Copyright © 2007, the award-winning blog where Farmgirl Susan shares stories & photos of her crazy country life on 240 remote acres.


  1. Glad to see you're back - hope you had a good Turkey Day.

  2. I spent last night poring over that very same Pinetree catalog. I'm interested in the Miner's Lettuce, and I'd be ordering Cosmonaut Volkov (with a name like that, how can you not?) except that I got a few seeds for free from the WinterSown tomato offer. I do definitely plan to order the Walla Walla onions--I grew up in Washington and I miss their flavor. As for the rest, I'm a gardening newbie, so everything is exciting to me. I did try the Toga eggplant from Seed Savers and didn't like it a bit...very pretty, but no use for eating.

  3. You've described perfectly that cruel optimism gardeners share... This year I want to try growing "Beer Friend" edamame (how can you not, with a name like that) and, on your recommendation, Bright Lights Swiss chard!

  4. I always enjoy slip-sliding down the hill on a sheet of ice and prying open the mailbox to pull out a stack of seed catalogs. It's like opening a little window of anticipation of spring.


  5. I like Bright Lights Swiss Chard, too. I've tried Cosmonaut Volkov, but it didn't perform well in my garden. Perhaps it's due another chance.

    Gardening is like being a Cubs fan: there's always next season!

  6. That's the one positive thing at this time of year, the seed catalogues! Full of hope and excitement for the year to come. It is so gloomy here right now, almost up to the shortest day!

  7. I got two catalogs new to me yesterday. "Totally Tomatoes" and "The Vermont Bean Catalog". I'm already drooling over next years tomatoes.

    mss Zanthan Gardens

  8. The catalogs have just started rolling into our mailbox too.
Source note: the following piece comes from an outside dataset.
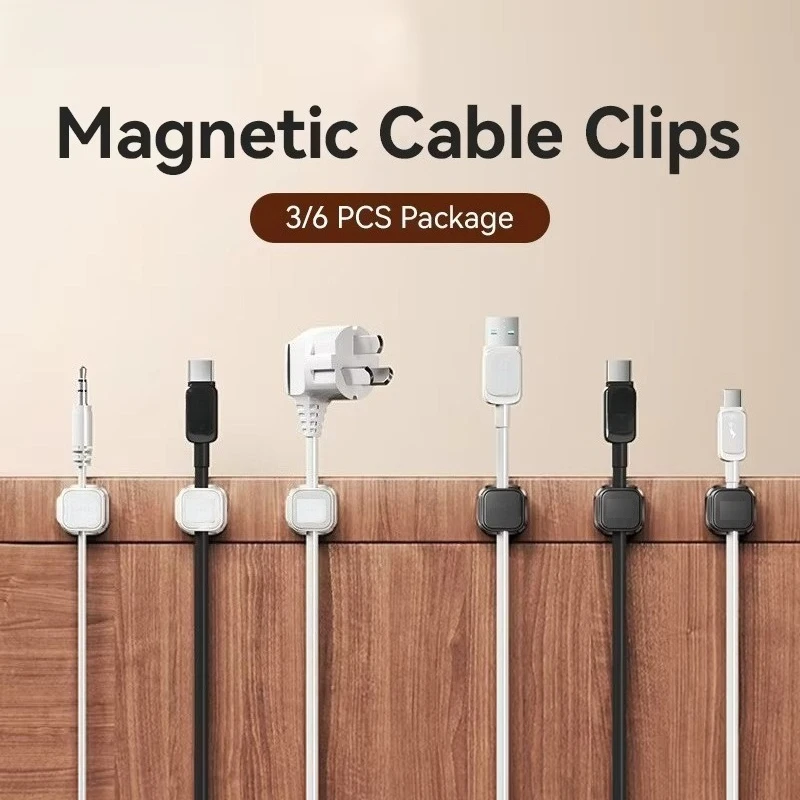 3/6 Pcs Magnetic Cable Clips Cable Smooth Adjustable Cord Holder Under Desk Cable Management Wire Keeper Cable Organizer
I'm drooling and I'm not even done with 2007 yet... :)

  9. Waiting for more snow this evening; you must be, too. Can't figure out where you are in Missouri (NE or NW or NC), but I'm in Columbia. I'm going to be following your blog throughout the year. I have had an organic garden here in the middle of the city since 1971, when I moved from NYC, but my current location provides the most difficulties. Garden gets overrun with squash bugs and flea beetles and this summer a doe or fawn ate all my impatiens! However, my most obnoxious raider is Nixon, the Woodchuck!! Dang that dastardly desperado!! One year I grew a most fabulous stand of flagelot beans surrounded (and protected, I thought) from mirauders by a sturdily crafted chicken wire fence. On the evening before the great harvest, Nixon tore down the barrier and helped himself to all the scrumptious leaves. Yes, he left the beans. Did the same thing with the okra. It's pretty much the same thing every year. Figuring if you're out in the country in the middle of nowhere, you must have critter problems, too. If you have experience with banishing bugs & critters, I'd love to hear what might have worked for you.

    Oh, and also wanted to provide an endorsement for the sprouting seeds Pinetree sells in bulk. Our Himalayan, Buddha, loves the wheat sprouts, but I am partial to the lentils!

  10. Farmgirl...your blog is fabulous! I just stumbled upon it yesterday and I've been reading and reading, a little guilty because I'm not getting all my chores done. I too am a farmgirl/gardener/foodie, you are truly an inspiration.
    In one of your archives I read about your purchase of $77.00 of garlic...ohhh...I've been trying to give away garlic to my gardening friends! Next time I'll just send it to you...all the way from Washington State, that way I'll have no guilt about it going to waste. Us garden girls gotta stick together.

  11. After reading your post I realized that there is a great book that mentions the many trials and successes you write about. It's called Second Nature by Michael Pollan - and it offers a lot of contemporary analysis about gardening, nature and transcendentalism. Wishing anyone who picks it up a good read!


March 2013 update: My apologies for the inconvenience - I know word verification is a pain - but I've had to turn it on to help stop the ridiculous number of anonymous spam comments I've been getting every day. Thanks for your understanding.